Passages from Anne's diary act like a central text and in a circle around them are many passages of world literature and history affirming human rights, including the Universal Declaration. Similarly, in physical space the memorial on the ground holds exactly the cramped square footage of Anne's attic, but opens up to the universe.

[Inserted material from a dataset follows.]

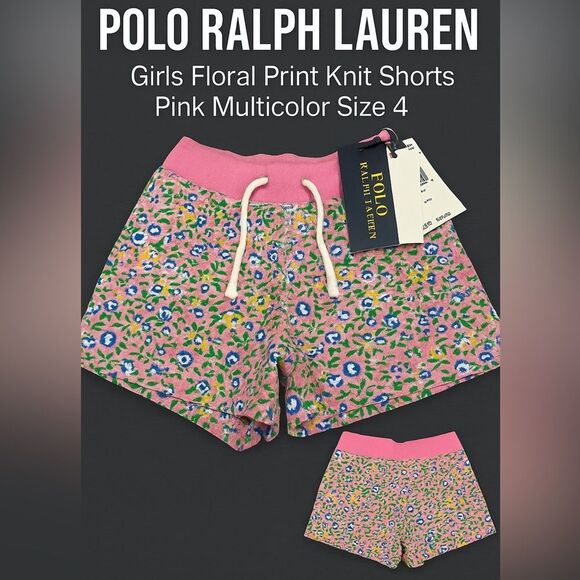 POLO RALPH LAUREN Girls Floral Print Knit Shorts Pink Multicolor Size 4 - Picture 1 of 17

The creators of the Memorial, including Rev. Taylor, began it because a
huge cross had been erected by right-wing Christians over Boise that felt
triumphalist and intimidating to Jews and other non-Christians and to many
Christians as well. In contrast, the Anne Frank Memorial was intended to be
both a direct rebuke to anti-Semitism and a holy place that was open to all
and affirming of all faith traditions.
Idaho is not such a welcoming place for such views; it took courage and
persistence to create this space. I tell you all this to give you a sense
of Rev. Taylor, including her outlook on Judaism and anti-Semitism.
Now the more recent past:
1) The church had long ago arranged that on Friday and Saturday of last
week, a Palestinian Christian organization called Sabeel could hold a
conference at the church. Sabeel's politics are: "The Holy Land is God's
gift to Palestinians and Israelis," affirmation of nonviolence, condemnation
of terrorism, support for two sovereign states, Israel and Palestine, on the
1967 boundaries (with a long-term hope that the two states might freely
choose to federate), Jerusalem as capital city of both states, and
affirmation of the right of return for Palestinian refugees. Sabeel uses as
part of its rhetoric a version of Christian liberation theology that sees
the crucifixion and resurrection of Christ as a model for the oppression and
ultimate liberation of the Palestinians. For Sabeel's full statement, see
http://www.sabeel.org/etemplate.php?id=39
2) Sabeel invited Nobel Peace Laureate and former Archbishop Tutu of South
Africa to be its keynote speaker. He has spoken of the situation of
Palestinians vis-à-vis Israel as akin to that of Black South Africans during
Apartheid.
3) The church, which had had warm relationships with the official Jewish
structures of Boston, realized that Sabeel's and Tutu's presence might be a
problem for those Jewish organizational structures. So it planned a series
of speakers under its own sponsorship, separate from the Sabeel conference,
representing a range of religious views, and asked advice from the official
Jewish structures about speakers for a series of their own, including one
who might speak right after the Sabeel conference to "balance' the Sabeel
presentations.
Two Jews acceptable to these Jewish officials were suggested,
were invited, and agreed to speak. (The church had raised the possibility
with the Jewish organizational officials that Elie Wiesel, a person of world
stature similar to that of Tutu's, speak under the church's auspices. That
suggestion never received a direct response.)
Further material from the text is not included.